# ASSIGNMENT:
Would you give the listing again exactly as written, minus its pictures?

# DATA EXTRACT:
- Opening Delimiter -

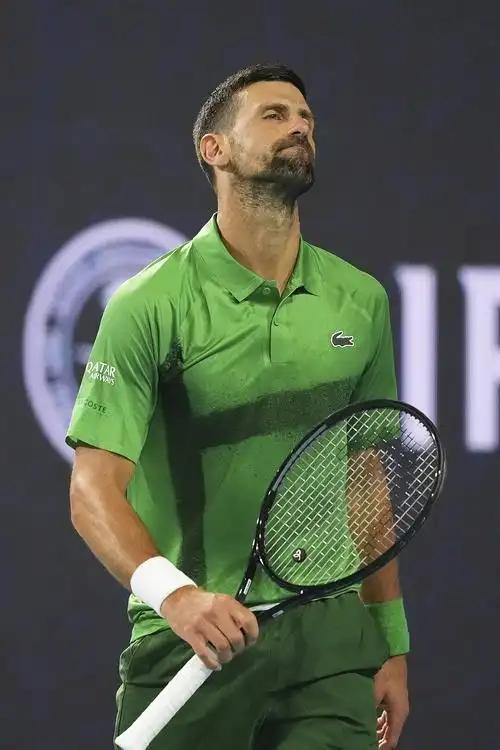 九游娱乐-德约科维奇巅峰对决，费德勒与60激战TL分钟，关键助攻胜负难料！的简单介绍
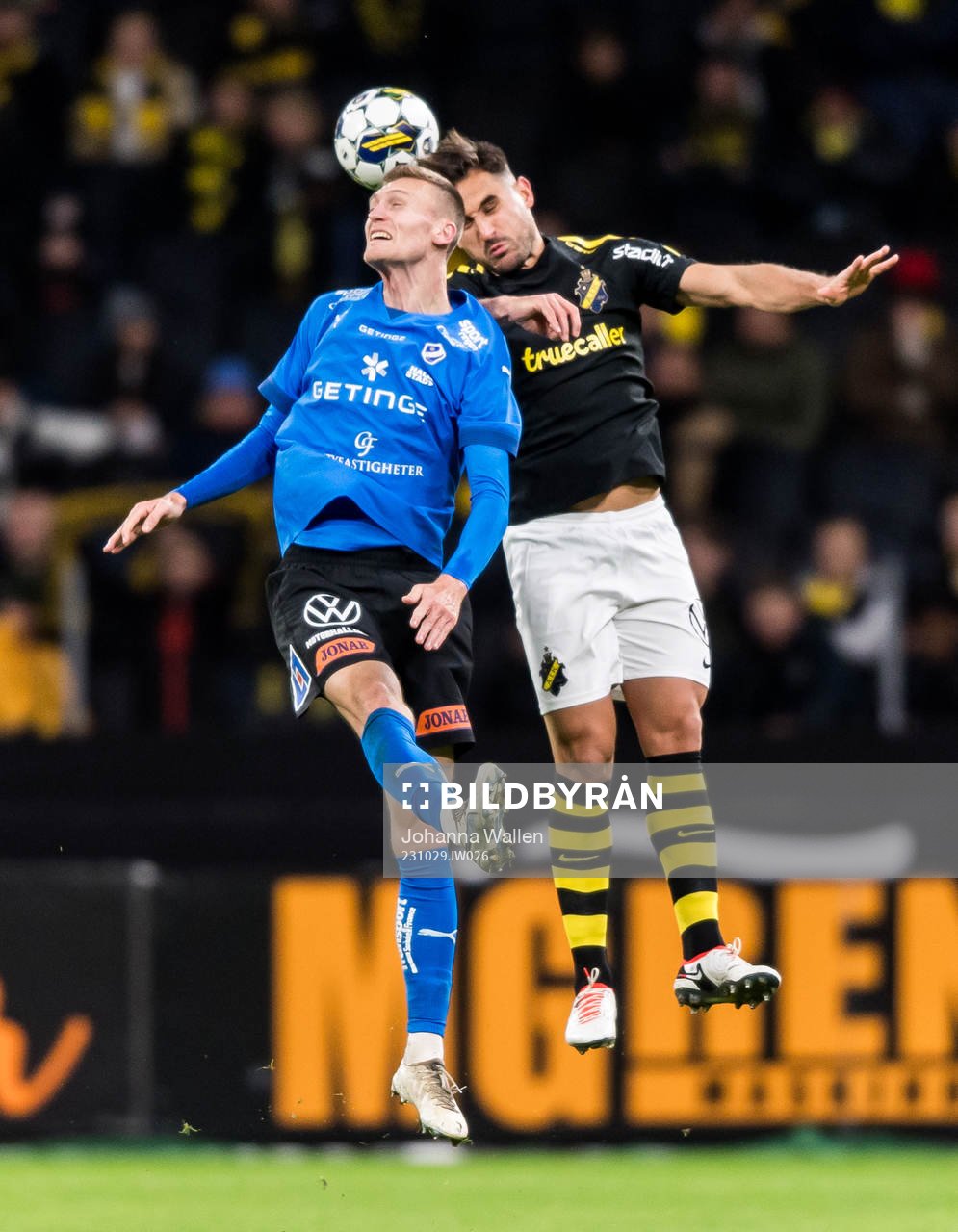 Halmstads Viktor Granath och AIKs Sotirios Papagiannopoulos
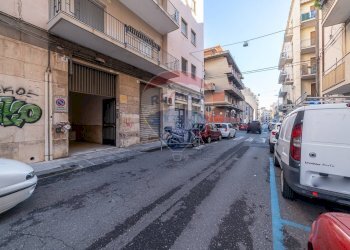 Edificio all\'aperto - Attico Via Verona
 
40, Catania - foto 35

- Closing Delimiter -

# REPLY:
 九游娱乐-德约科维奇巅峰对决，费德勒与60激战TL分钟，关键助攻胜负难料！的简单介绍
 Halmstads Viktor Granath och AIKs Sotirios Papagiannopoulos
 Edificio all\'aperto - Attico Via Verona
 
40, Catania - foto 35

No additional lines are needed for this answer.